Deutschsprachige Verbraucher sind zudem traditionell sensibel beim Thema Datenschutz. Ein KI‑Agent, der Käufe auf Fremdseiten im Amazon‑Konto sammelt, könnte daher auch kulturellen Widerstand auslösen, insbesondere in Deutschland und der Schweiz.

6. Ausblick

Wie könnte es weitergehen, falls das US‑Pilotprogramm erfolgreich ist?

  1. Skalierung der Händleranbindung. Ein Self‑Service‑Portal für Feeds, tiefere Integration in gängige PIM‑ und Shopsysteme (Shopware, Magento, Shopify, plentymarkets) und aggressive Vermarktung an Marken, die bisher einen Bogen um Marktplätze gemacht haben.

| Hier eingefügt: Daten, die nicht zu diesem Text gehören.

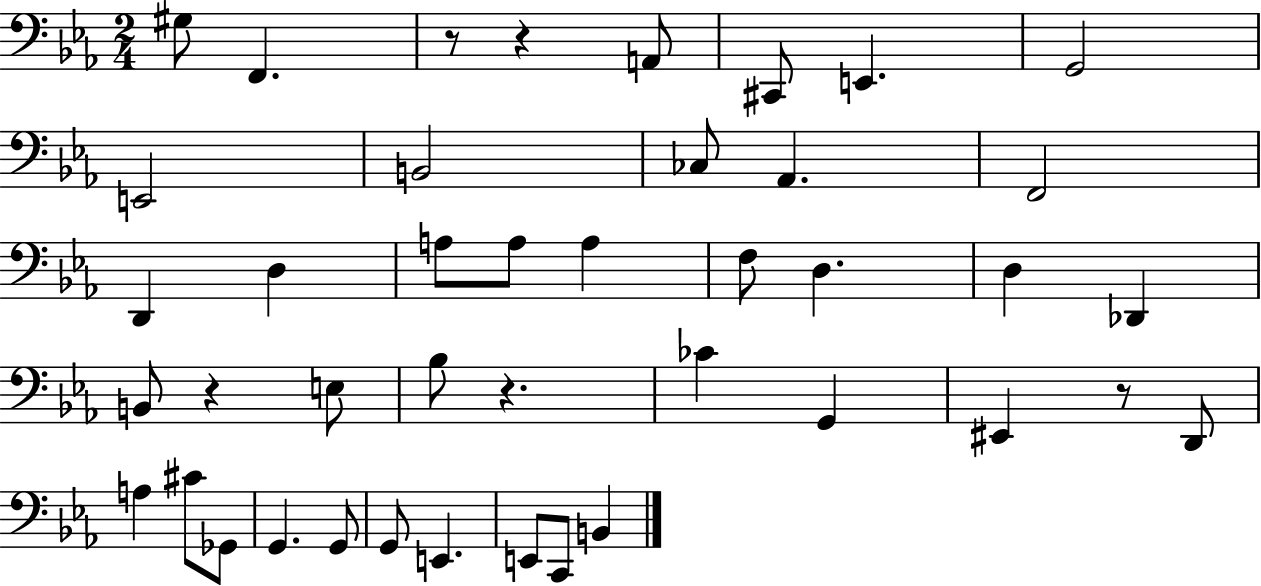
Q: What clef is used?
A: bass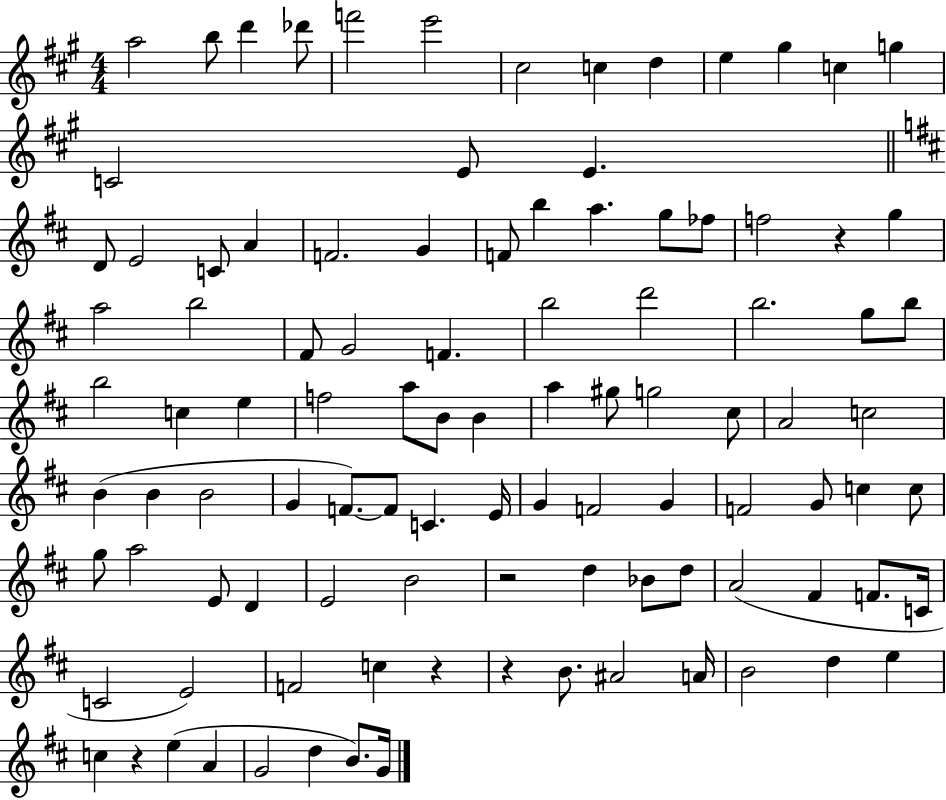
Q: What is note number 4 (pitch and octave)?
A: Db6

  2. Mehr Autonomie für den KI‑Agenten. Denkbar wären:

    • automatischer Vergleich der Gesamtkosten (inkl. Versand, Zoll, Steuern) über mehrere Händler hinweg,
    • zentral gemanagte Retourenprozesse,
    • proaktive Vorschläge für Wechsel zu alternativen Produkten, wenn die Stammmarke teurer wird oder ausfällt.
  3. Reaktion von Wettbewerb und Regulierung.

    • Die EU‑Kommission und das Bundeskartellamt dürften sich früh die Frage stellen, wie Amazon die Händlerdaten nutzt und ob DMA‑Pflichten gewahrt bleiben.
    • Wettbewerber wie Google, OTTO, Zalando oder auch Zahlungsdienstleister könnten sich als „offenere“ oder datenschutzfreundlichere Alternative zu einem Amazon‑zentrierten Shopping‑OS positionieren.

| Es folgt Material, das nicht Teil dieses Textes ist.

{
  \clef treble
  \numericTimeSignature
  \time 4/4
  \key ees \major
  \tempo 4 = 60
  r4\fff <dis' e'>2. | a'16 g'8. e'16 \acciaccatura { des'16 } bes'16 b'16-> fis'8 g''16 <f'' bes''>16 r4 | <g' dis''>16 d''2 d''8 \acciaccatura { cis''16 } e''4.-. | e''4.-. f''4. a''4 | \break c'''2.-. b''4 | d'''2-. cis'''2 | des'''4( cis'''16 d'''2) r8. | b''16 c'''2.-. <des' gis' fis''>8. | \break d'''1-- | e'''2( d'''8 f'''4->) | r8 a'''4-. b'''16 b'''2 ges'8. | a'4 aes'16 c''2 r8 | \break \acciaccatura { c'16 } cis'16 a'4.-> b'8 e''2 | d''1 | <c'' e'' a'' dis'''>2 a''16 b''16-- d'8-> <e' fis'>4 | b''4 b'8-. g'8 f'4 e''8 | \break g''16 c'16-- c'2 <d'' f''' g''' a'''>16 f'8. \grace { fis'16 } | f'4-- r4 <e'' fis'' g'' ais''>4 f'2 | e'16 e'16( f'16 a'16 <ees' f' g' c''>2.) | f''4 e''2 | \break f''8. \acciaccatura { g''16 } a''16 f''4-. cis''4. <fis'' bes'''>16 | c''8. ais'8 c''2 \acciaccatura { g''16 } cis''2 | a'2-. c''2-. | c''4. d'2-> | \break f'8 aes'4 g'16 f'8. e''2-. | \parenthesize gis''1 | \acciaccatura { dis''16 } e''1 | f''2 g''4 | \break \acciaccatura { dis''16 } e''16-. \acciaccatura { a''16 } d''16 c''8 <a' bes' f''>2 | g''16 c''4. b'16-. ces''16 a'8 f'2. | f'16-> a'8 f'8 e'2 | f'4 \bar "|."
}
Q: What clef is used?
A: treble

Für Leserinnen und Leser in der DACH‑Region lohnt es sich, in den nächsten 12–24 Monaten besonders auf drei Signale zu achten: erste Ausrollungen ähnlicher Funktionen auf Amazon.de, ‑fr oder ‑it; die Bereitschaft großer Marken, sich Shop Direct anzuschließen; und etwaige Untersuchungen durch EU‑ oder nationale Aufsichtsbehörden.

7. Fazit

Mit Shop Direct und dem KI‑Agenten Buy for Me baut Amazon seine Rolle vom Marktplatz zur dominierenden Infrastrukturschicht des Online‑Handels aus. Für Nutzer bedeutet das Komfort, für Händler zusätzlichen Umsatz – aber auch wachsende Abhängigkeit und Datenmacht zugunsten eines einzelnen Gatekeepers. In Europas reguliertem Umfeld ist dieses Modell alles andere als gesetzt. Die entscheidende Frage für Händler und Politik lautet: Wollen wir wirklich, dass ein Konzern nicht nur den Laden, sondern auch die Kasse und den Zugang zum Kunden kontrolliert?